AIM OF THE TASK
Your reply should be the entries, output word for word, with each picture omitted.

------------------------

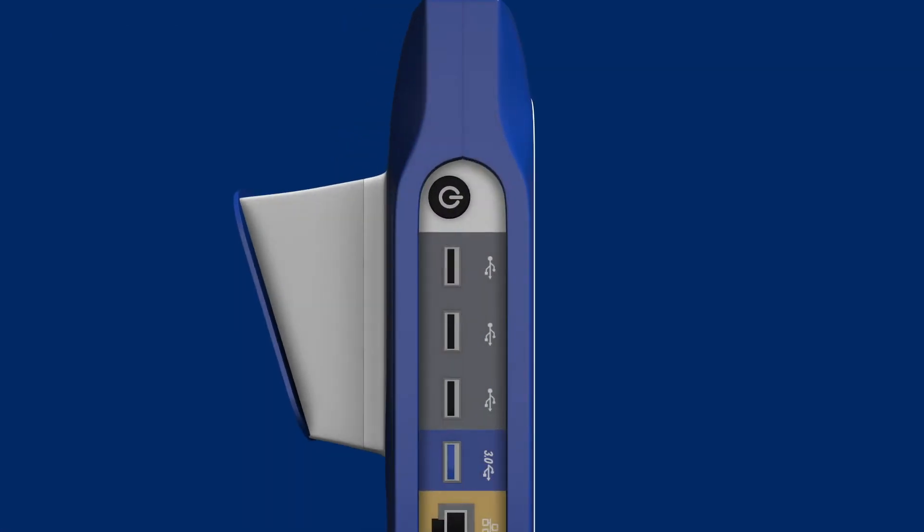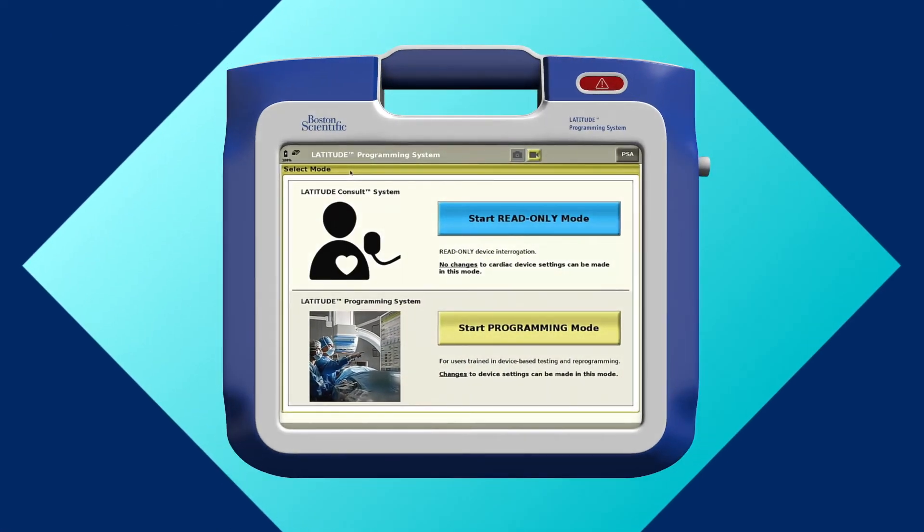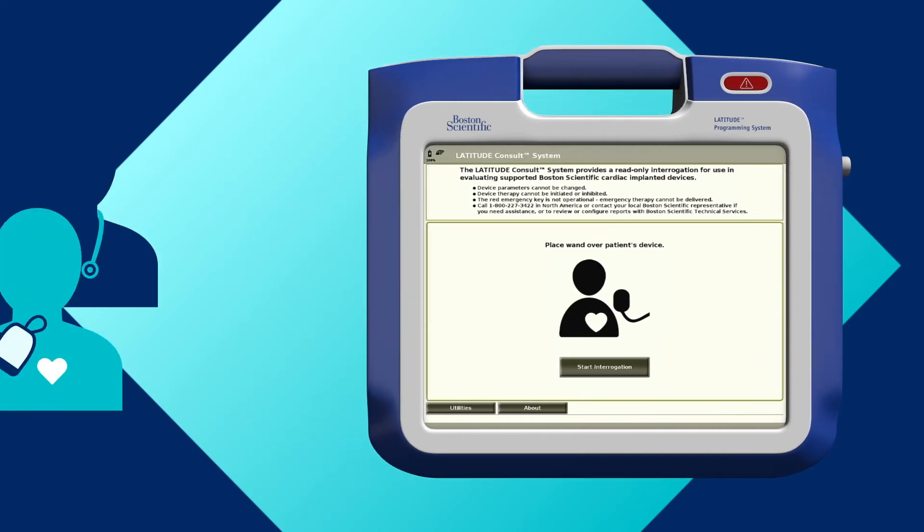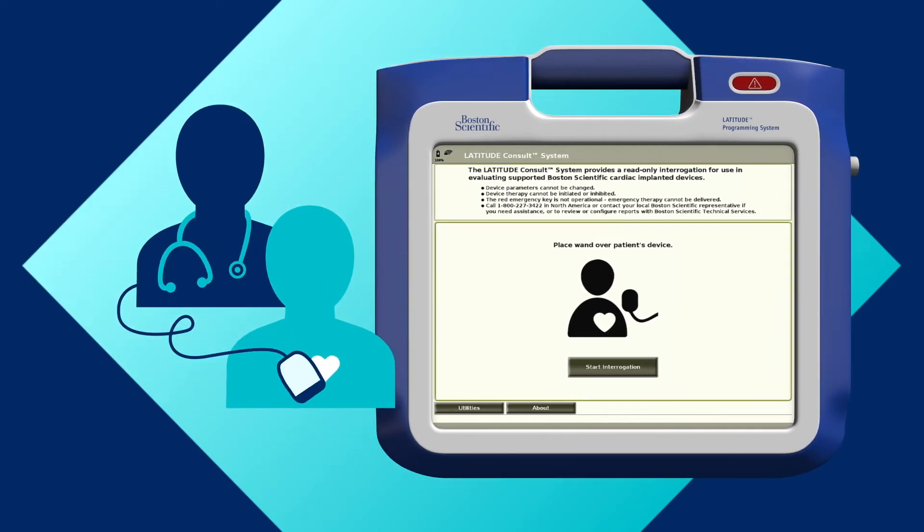Next, power on the system. If you see the select mode screen, press the start read only mode button to access the Latitude Consult application. Then place the telemetry wand over the patient's implanted device.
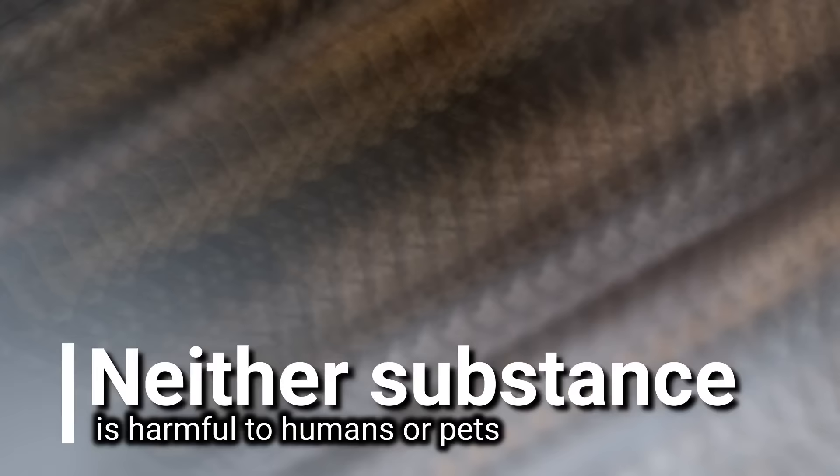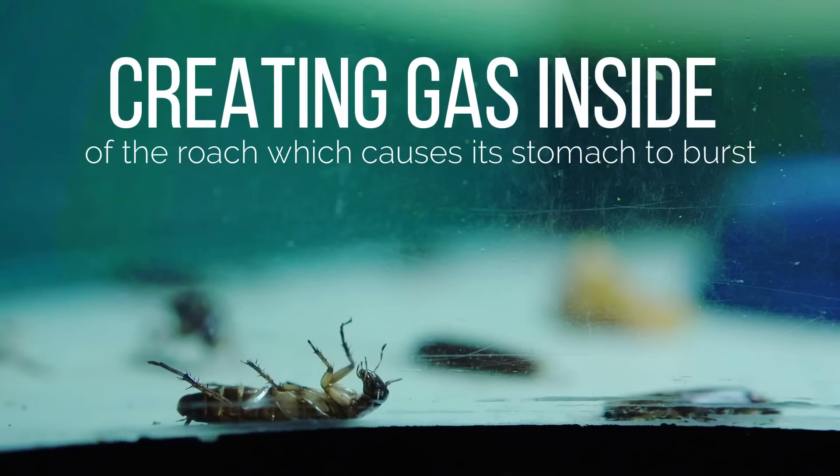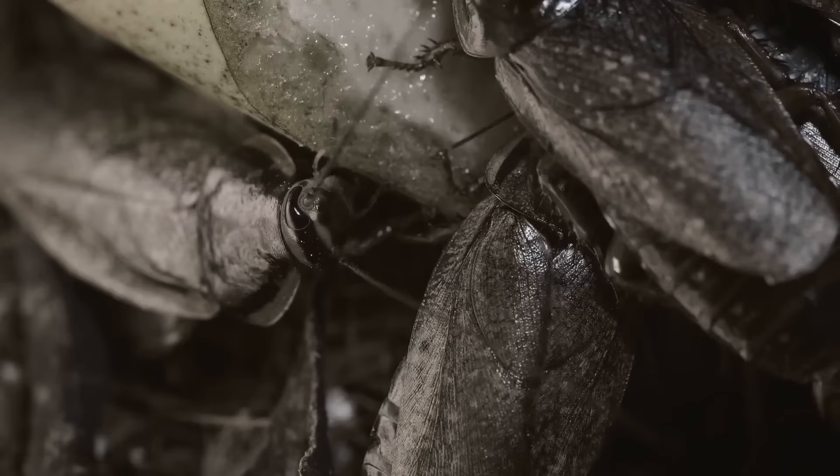The sweet smell of sugar entices the cockroach out of hiding to eat it. And by doing this, they're also going to eat the baking soda. Then when the roach drinks water, the baking soda reacts, creating gas inside of the roach, which causes the stomach to burst, killing the cockroach. Since other cockroaches feed on dead roaches, they also acquire the fatal substance and subsequently die.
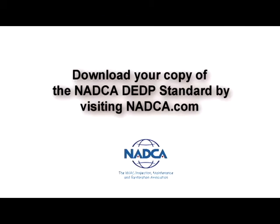For more information on the dryer exhaust duct performance standard presented by NACA, please visit NACA.com today.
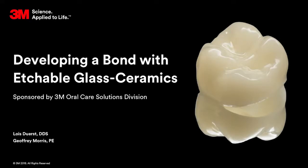Welcome to our Sticky Truth webisode series. This episode features an in-depth look at developing a bond with etchable glass ceramics. We look forward to sharing 3M's recommendations and insights about dental cementation with glass ceramic material.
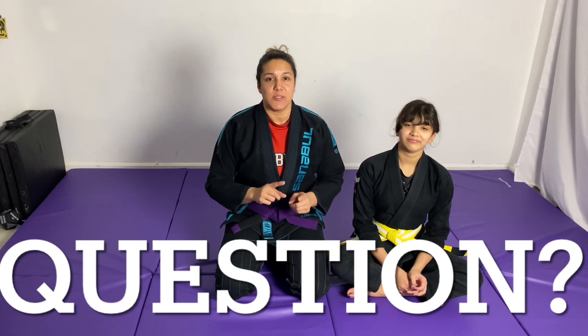Hey guys, it's Coach G and Kaylee. To start off, we have a question for all of our viewers whether you subscribe yet or not. Please answer the question down below: do you train? If you train, let us know in the comments, how long you've been training and what your rank is.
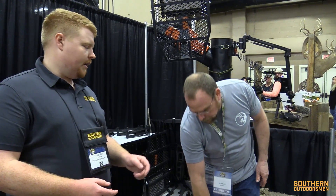On MSRP and price point: on our website they're $139.99, and when we go to shows we sell them at $99.99. We're also going to work on a couple of new products as well — I think the public land guys are really going to like them.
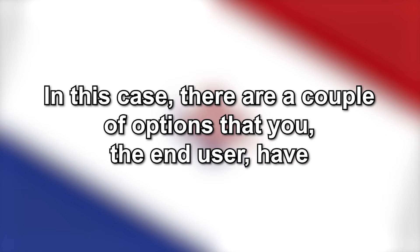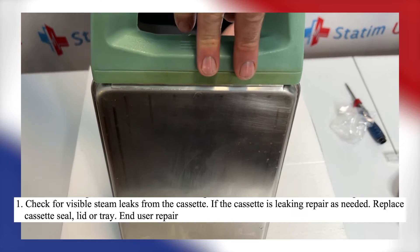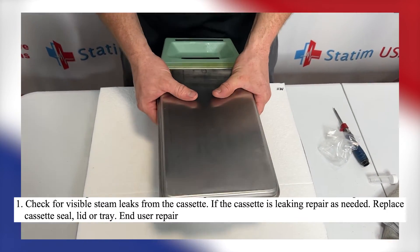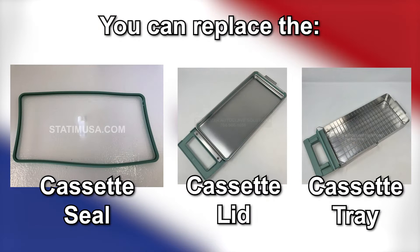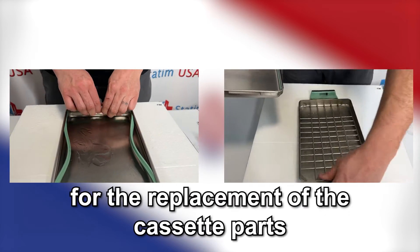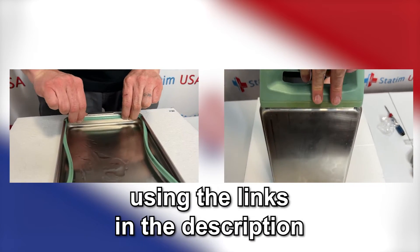In this case, there are a few options that you, the end user, have. Firstly, check for visible steam leaks from the cassette. If the cassette is leaking, repair is needed. You can replace the cassette seal, lid, or tray. We also have videos available on our YouTube channel for the replacement of cassette parts like the seal and tray using the links in the description.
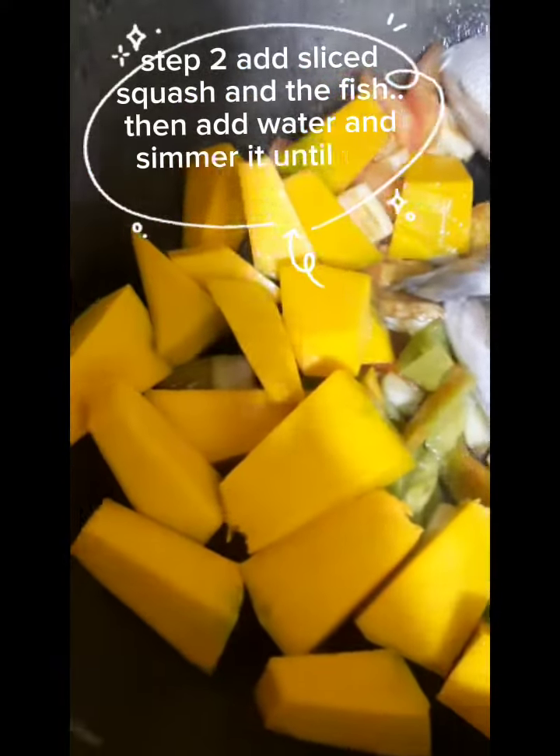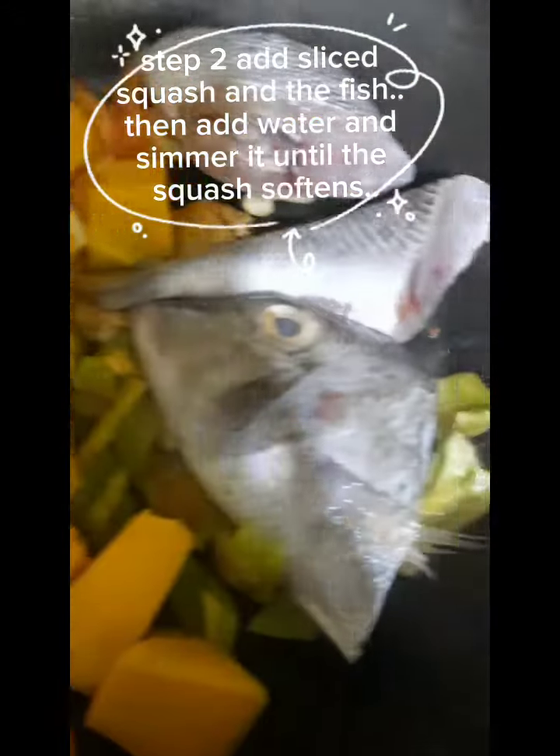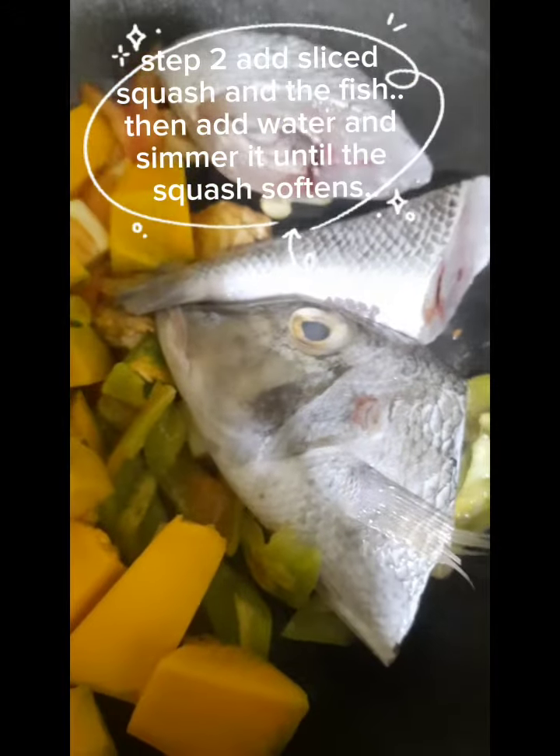Step two: add sliced squash and the fish. Then add water and simmer until the squash is soft.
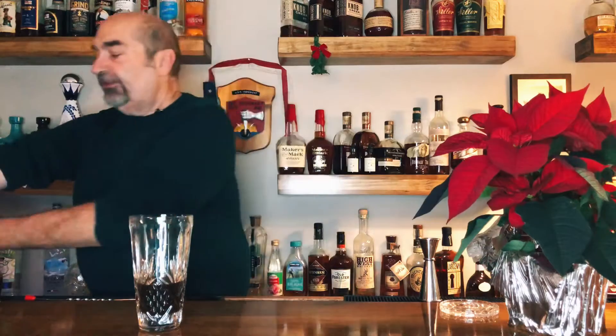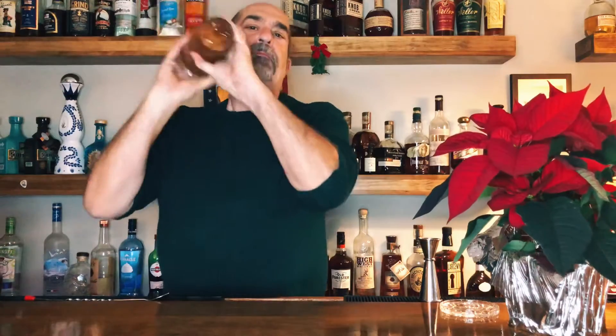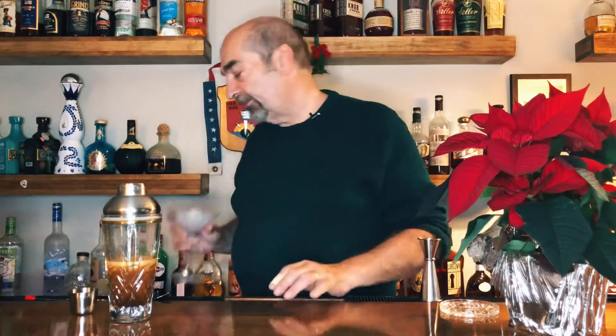Next we are going to ice it and shake it to chill it down even more. Give it a good shake. Now the key to these is cold. Because we want them cold, we've had a martini glass filled with crushed ice off to the side chilling. We'll dump the ice, and then we're simply going to strain.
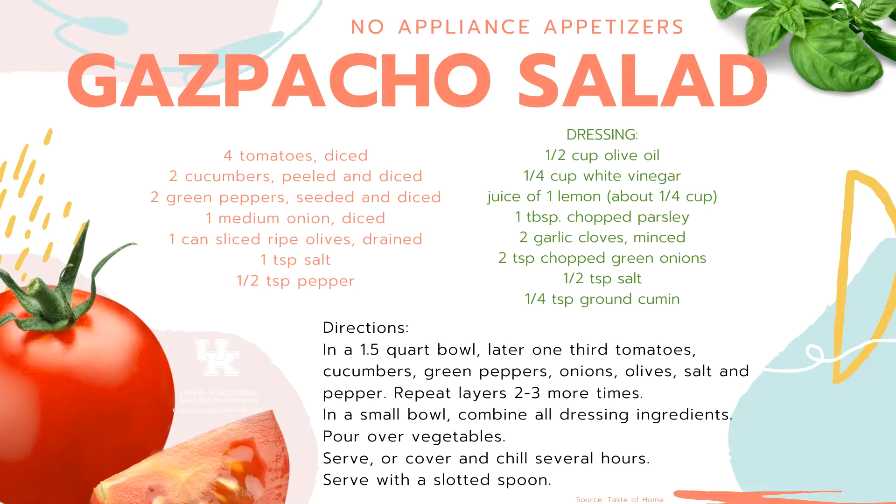This gazpacho salad takes a different approach — instead of mixing everything together, you layer it. That makes it a really neat display for a holiday party and even a gift idea in jars. It's layered with tomato, cucumbers, green peppers, olives, and more. If you have a refrigerator, it's better after chilling for several hours, but you can serve it immediately with a slotted spoon since the olive oil, vinegar, and lemon juice dressing can get runny.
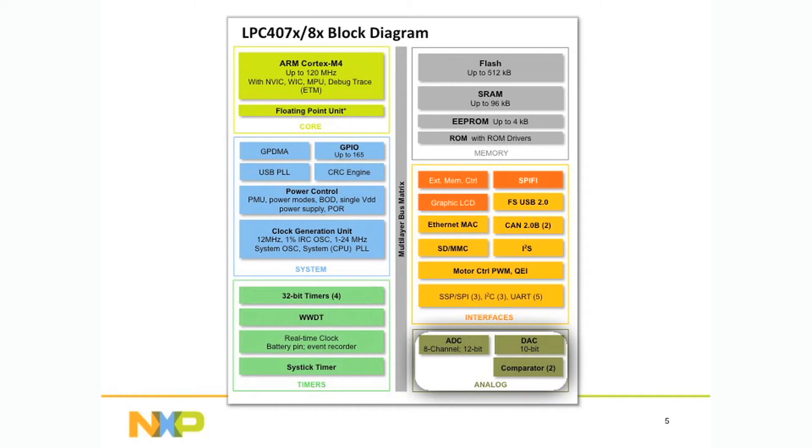12-bit ADC, 10-bit DAC, and two analog comparators, which have been added compared to the 177X and 8X.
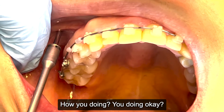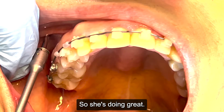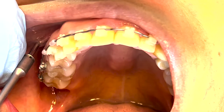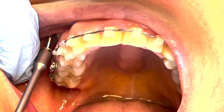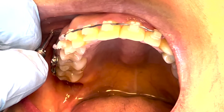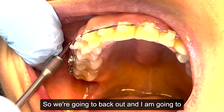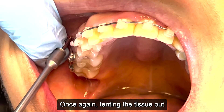The patient is doing okay. I was a little bit too mesial there, so I'm going to back out. I slid off the mesial and kind of felt it as I did that, so we're going to back out and go right in here once again, tenting the tissue out.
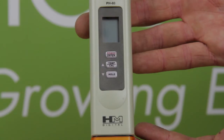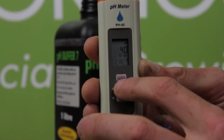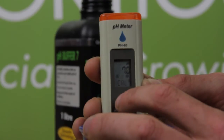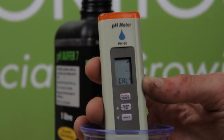You can use them to cycle through which pH you want to calibrate the pen to: pH 4, pH 7, or pH 10. We're using pH buffer 7 solution so we're going to set it to 7. Press enter to do this and hold the pen in the solution.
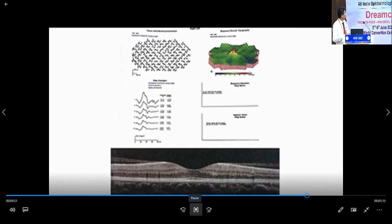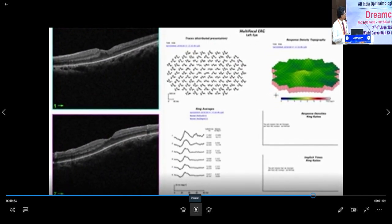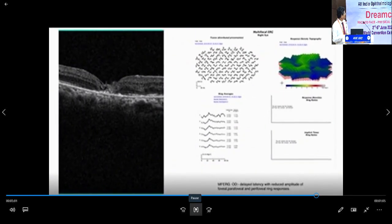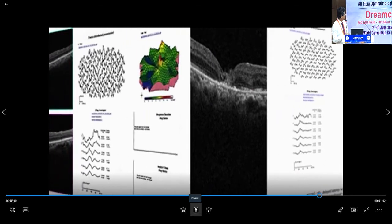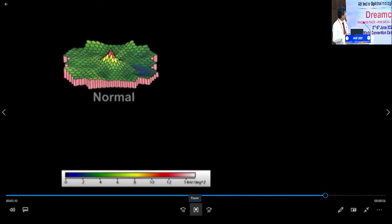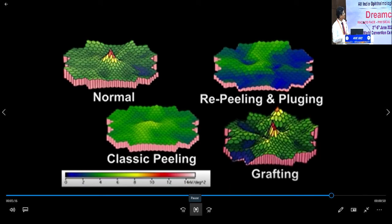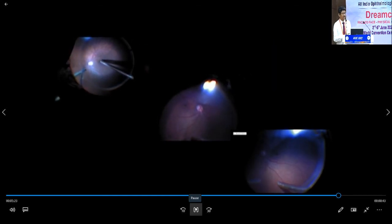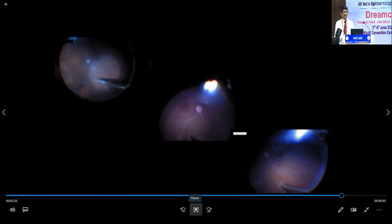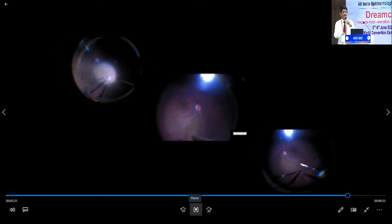Let's have a quick look at how multifocal ERG behaves in different scenarios. This is normal multifocal ERG. This is MFERG in a standard ILM peeling case with hole closed. This is ILM peeling with plug. And this is the retinal graft case. On one page: normal, classic ILM peeling with hole closed, re-peeling with plugging after failed surgery, and grafting after failed surgery. We have very limited number of cases, but once you are stuck, retinal transplant is a way forward to look into. Thank you.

------------------------

TASK RESPONSE
Next, power on the system. If you see the select mode screen, press the start read only mode button to access the Latitude Consult application. Then place the telemetry wand over the patient's implanted device.
The sweet smell of sugar entices the cockroach out of hiding to eat it. And by doing this, they're also going to eat the baking soda. Then when the roach drinks water, the baking soda reacts, creating gas inside of the roach, which causes the stomach to burst, killing the cockroach. Since other cockroaches feed on dead roaches, they also acquire the fatal substance and subsequently die.
For more information on the dryer exhaust duct performance standard presented by NACA, please visit NACA.com today.
Welcome to our Sticky Truth webisode series. This episode features an in-depth look at developing a bond with etchable glass ceramics. We look forward to sharing 3M's recommendations and insights about dental cementation with glass ceramic material.
Hey guys, it's Coach G and Kaylee. To start off, we have a question for all of our viewers whether you subscribe yet or not. Please answer the question down below: do you train? If you train, let us know in the comments, how long you've been training and what your rank is.
On MSRP and price point: on our website they're $139.99, and when we go to shows we sell them at $99.99. We're also going to work on a couple of new products as well — I think the public land guys are really going to like them.
In this case, there are a few options that you, the end user, have. Firstly, check for visible steam leaks from the cassette. If the cassette is leaking, repair is needed. You can replace the cassette seal, lid, or tray. We also have videos available on our YouTube channel for the replacement of cassette parts like the seal and tray using the links in the description.
Step two: add sliced squash and the fish. Then add water and simmer until the squash is soft.
Next we are going to ice it and shake it to chill it down even more. Give it a good shake. Now the key to these is cold. Because we want them cold, we've had a martini glass filled with crushed ice off to the side chilling. We'll dump the ice, and then we're simply going to strain.
This gazpacho salad takes a different approach — instead of mixing everything together, you layer it. That makes it a really neat display for a holiday party and even a gift idea in jars. It's layered with tomato, cucumbers, green peppers, olives, and more. If you have a refrigerator, it's better after chilling for several hours, but you can serve it immediately with a slotted spoon since the olive oil, vinegar, and lemon juice dressing can get runny.
12-bit ADC, 10-bit DAC, and two analog comparators, which have been added compared to the 177X and 8X.
The patient is doing okay. I was a little bit too mesial there, so I'm going to back out. I slid off the mesial and kind of felt it as I did that, so we're going to back out and go right in here once again, tenting the tissue out.
You can use them to cycle through which pH you want to calibrate the pen to: pH 4, pH 7, or pH 10. We're using pH buffer 7 solution so we're going to set it to 7. Press enter to do this and hold the pen in the solution.
Let's have a quick look at how multifocal ERG behaves in different scenarios. This is normal multifocal ERG. This is MFERG in a standard ILM peeling case with hole closed. This is ILM peeling with plug. And this is the retinal graft case. On one page: normal, classic ILM peeling with hole closed, re-peeling with plugging after failed surgery, and grafting after failed surgery. We have very limited number of cases, but once you are stuck, retinal transplant is a way forward to look into. Thank you.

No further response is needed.